(Work instruction) Images are to be omitted, and the rest of the records reproduced exactly.

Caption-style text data
========================================================================

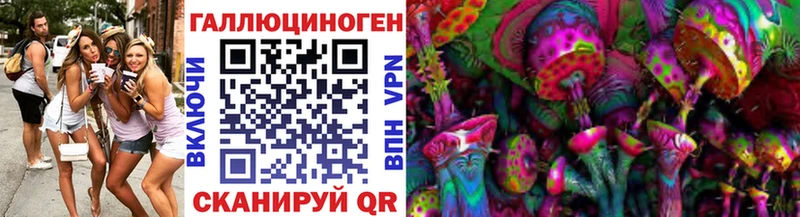 OMG   Циолковский  Псилоцибиновые грибы мицелий 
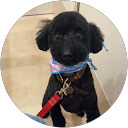 mochi y profile picture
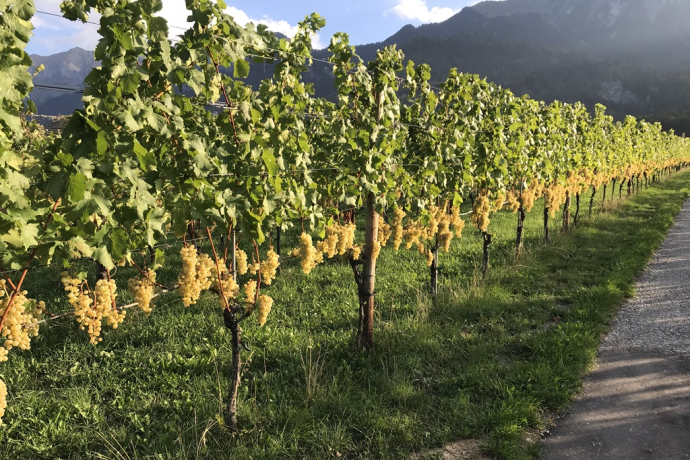 Luzi Boner Bio-Weinbau und Brennerei (ctd_8b40c0df-6ed0-498c-9202-e90530816ef2_image) Luzi Boner Bio-Weinbau und Brennerei (ctd_8b40c0df-6ed0-498c-9202-e90530816ef2_image)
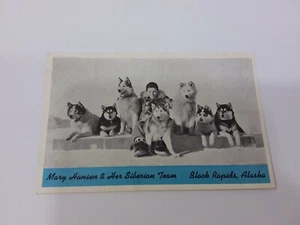 Alaska Siberian Husky Dog Sled Team Postcard Mary Hansen Black Rapids Alaska  - Picture 1 of 2
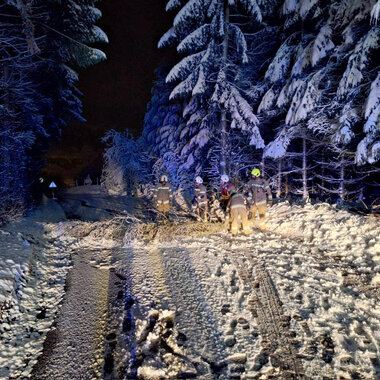 FREIMACHEN VON VERKEHRSWEGEN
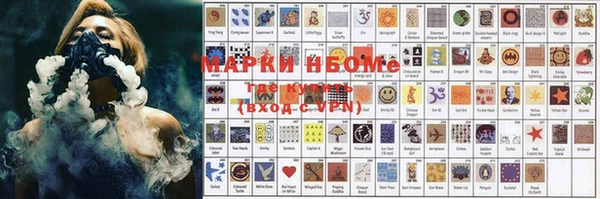 индика Аркадак
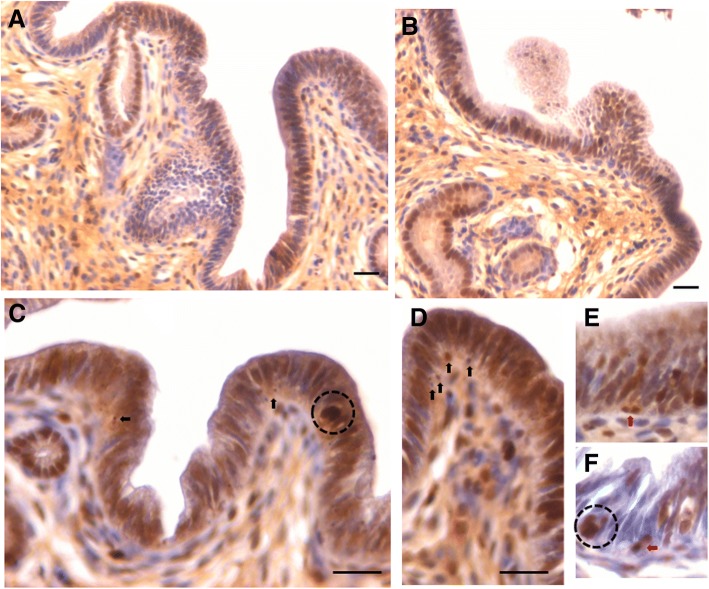 Fig. 7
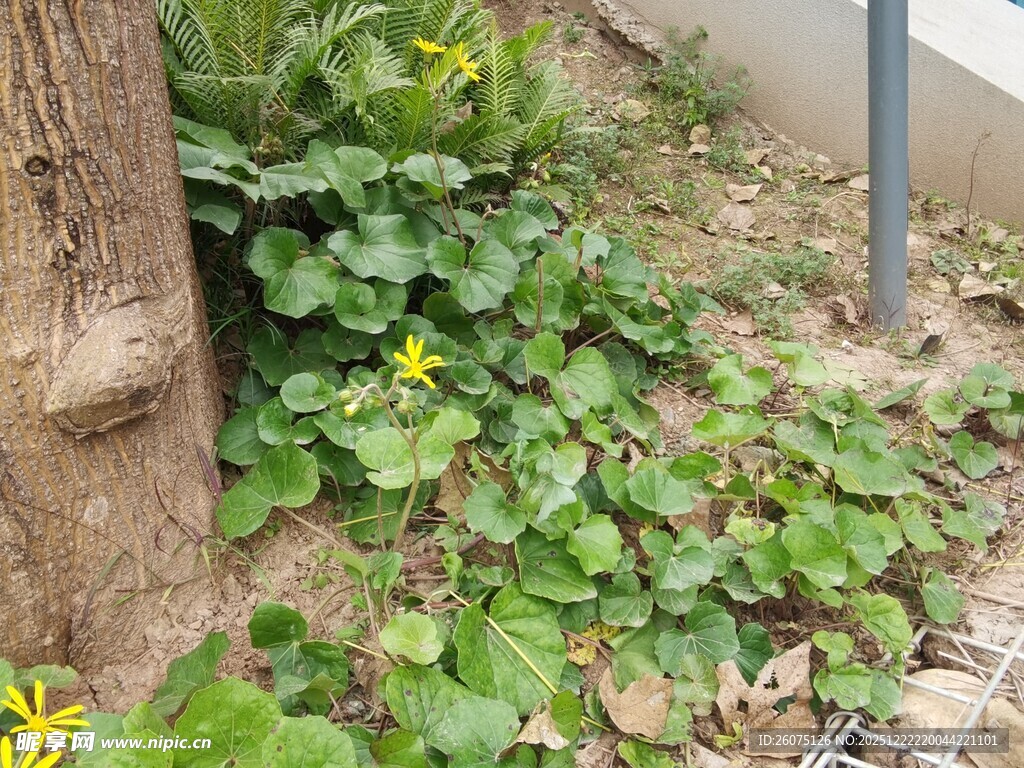 树下绿植绽放黄色小花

========================================================================

(Response to the exercise)
 OMG   Циолковский  Псилоцибиновые грибы мицелий 
 mochi y profile picture
 Luzi Boner Bio-Weinbau und Brennerei (ctd_8b40c0df-6ed0-498c-9202-e90530816ef2_image) Luzi Boner Bio-Weinbau und Brennerei (ctd_8b40c0df-6ed0-498c-9202-e90530816ef2_image)
 Alaska Siberian Husky Dog Sled Team Postcard Mary Hansen Black Rapids Alaska  - Picture 1 of 2
 FREIMACHEN VON VERKEHRSWEGEN
 индика Аркадак
 Fig. 7
 树下绿植绽放黄色小花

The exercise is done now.